This is embarrassing. America invented the internet, but we're turning into a 3rd world country internet provider compared to other developed nations. We gave billions of dollars, no strings attached to telecom companies to build out fiber, but they just pocketed the money. Meanwhile, European/Asian countries which are more accepting of collectivist policies, built out broadband networks that are the envy of the world, thanks to good private/government partnerships, article here:

http://bits.blogs.nytimes.com/2009/...y-have-more-fiber/?_php=true&_type=blogs&_r=0


In the paradises of broadband — Japan, South Korea and Sweden — nearly everyone can surf far faster and far cheaper than anyone in the United States. What is their secret sauce and how can we get some?

The short answer is that broadband deployment in those countries was spurred by a combination of heavy government involvement, subsidies and lower corporate profits that may be tough for the economic and political system in the United States to accept. Those countries have also tried to encourage demand for broadband by paying schools, hospitals and other institutions to use high-speed Internet services.

Sweden has built one of the fastest and most widely deployed broadband networks in Europe because its government granted tax breaks for infrastructure investments, directly subsidized rural deployment, and, perhaps most significantly, required state-owned municipal utilities to create local backbone networks, reducing the cost for the local telephone company to provide service.

Japan let telecommunications companies write down about one-third of their investment in broadband the first year, rather than the usual policy, which requires them to spread the deductions over 22 years. The Japanese government also subsidized low-cost loans for broadband construction and paid for part of the wiring of rural areas.

“The return to fiber takes time,” said Dave Burstein, the editor of the DSL Prime newsletter, in an e-mail message. “Governments can invest thinking 10 and 20 years, but few companies can. So putting the expensive part (ditch-digging) under the government in some form has good logic. Then you have the companies compete at an upper layer where the investment required is not so intimidating.”

In many countries, especially in Asia, government assistance has gone hand in hand with an expectation that private companies will accept lower profit margins in order to assist in achieving the national broadband goals.

“The South Korean government expects its private companies to drive the investment in broadband infrastructure with government support in the form of loans and tax subsidies as their incentive,” wrote the Information Technology and Innovation Foundation in a report last year.

There are only a handful of major projects worldwide to build fiber lines to homes that don’t involve significant government aid of some sort, Mr. Burstein said, including Verizon’s FiOS and Iliad’s fiber network in some large French cities.

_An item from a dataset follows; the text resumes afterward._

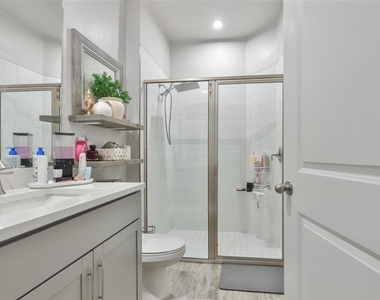 1123 Creek Valley Court - Photo Thumbnail 20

Don’t count out “national pride” as a partial explanation for the creation of high-speed networks in Asia, Mr. Burstein wrote me:

Japan then got serious about fiber because they couldn’t accept Korea being ahead, and similarly in Hong Kong, Taiwan, Singapore, and now Malaysia. Singapore wants to pull ahead again, so they decided to go to 1 gigabit (shared) fiber with really intense regulation.

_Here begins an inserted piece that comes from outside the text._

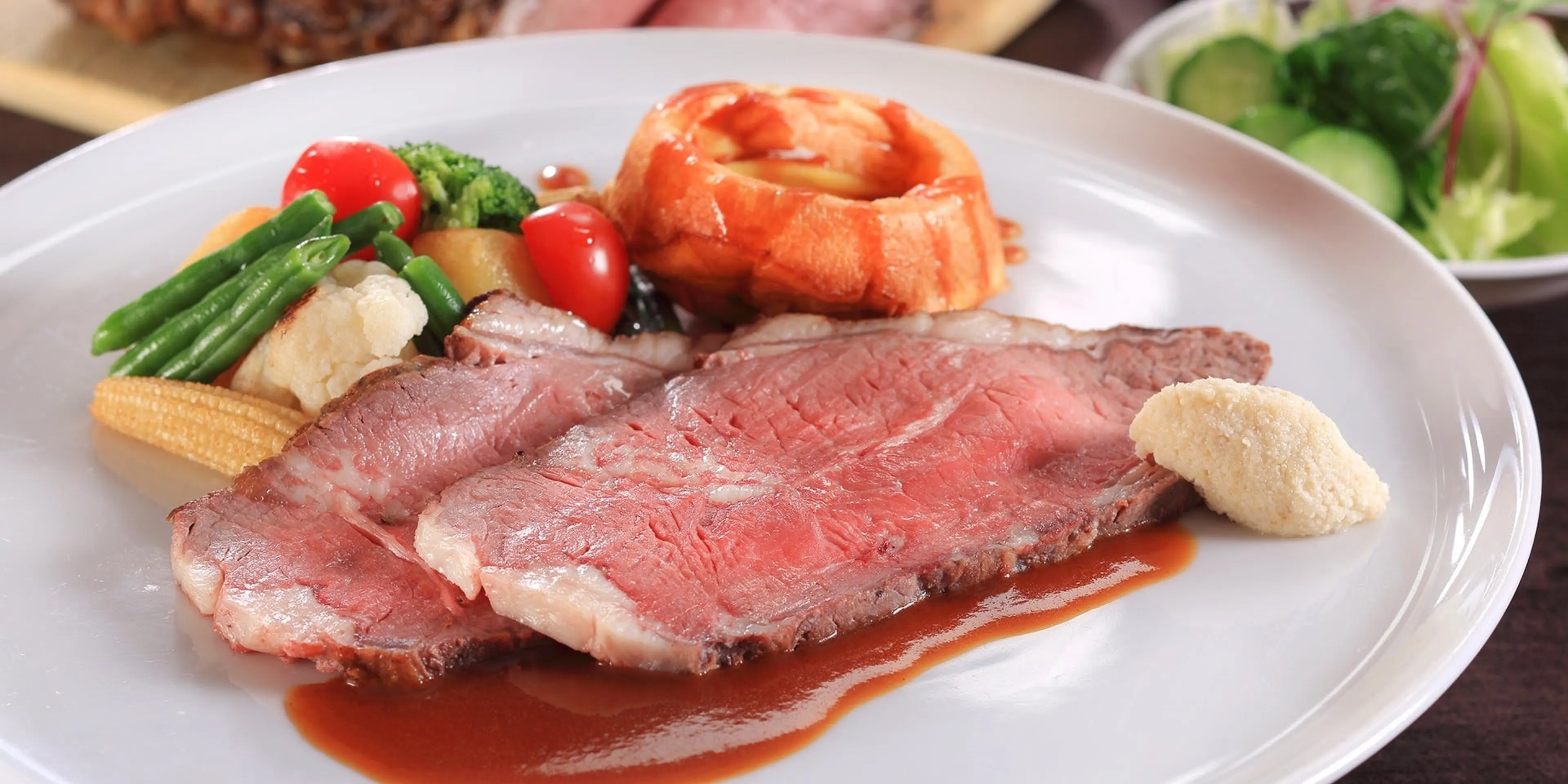 ローストビーフを含むディナーコース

What lessons are there in all this for the United States, which historically has had an aversion to Asian-style industrial policy?

Finding a way to bring broadband to remote and rural locations where it is simply uneconomic for commercial companies to string wires is one clear option. Much of the $7 billion for broadband in the stimulus bill is allocated to this, but more will likely be needed to get the sort of universal coverage that Sweden and some other countries have.

The government also could help the people who don’t use the Internet because they don’t have the skills or even have a computer. The stimulus bill has some money for this. There are also some proposals to redirect some of the Universal Service Fund money now used to pay the operating costs of rural phone companies to rural broadband providers.

And of course if regulators can find a way to increase competition and lower the price of broadband, more people would no doubt sign up. Studies have shown that people in the United States with incomes under $50,000 are far less likely to have broadband service than those who earn more. Some argue that devoting more spectrum to wireless data services may also create more competition, but there is quite a debate about whether wireless service can match the speed and cost of cable or fiber.

But the biggest question is whether the country needs to actually provide subsidies or tax breaks to the telephone and cable companies to increase the speeds of their existing broadband service, other than in rural areas. Many people served by Verizon and Comcast are likely to have the option to get super-fast service very soon. But people whose cable and phone companies are in more financial trouble, such as Qwest Communications and Charter Communications, may well be in the slow lane to fast surfing. Still, it’s a good bet that all the cable companies will eventually get around to upgrading to the faster Docsis 3 standard and the phone companies will be forced to upgrade their networks to compete.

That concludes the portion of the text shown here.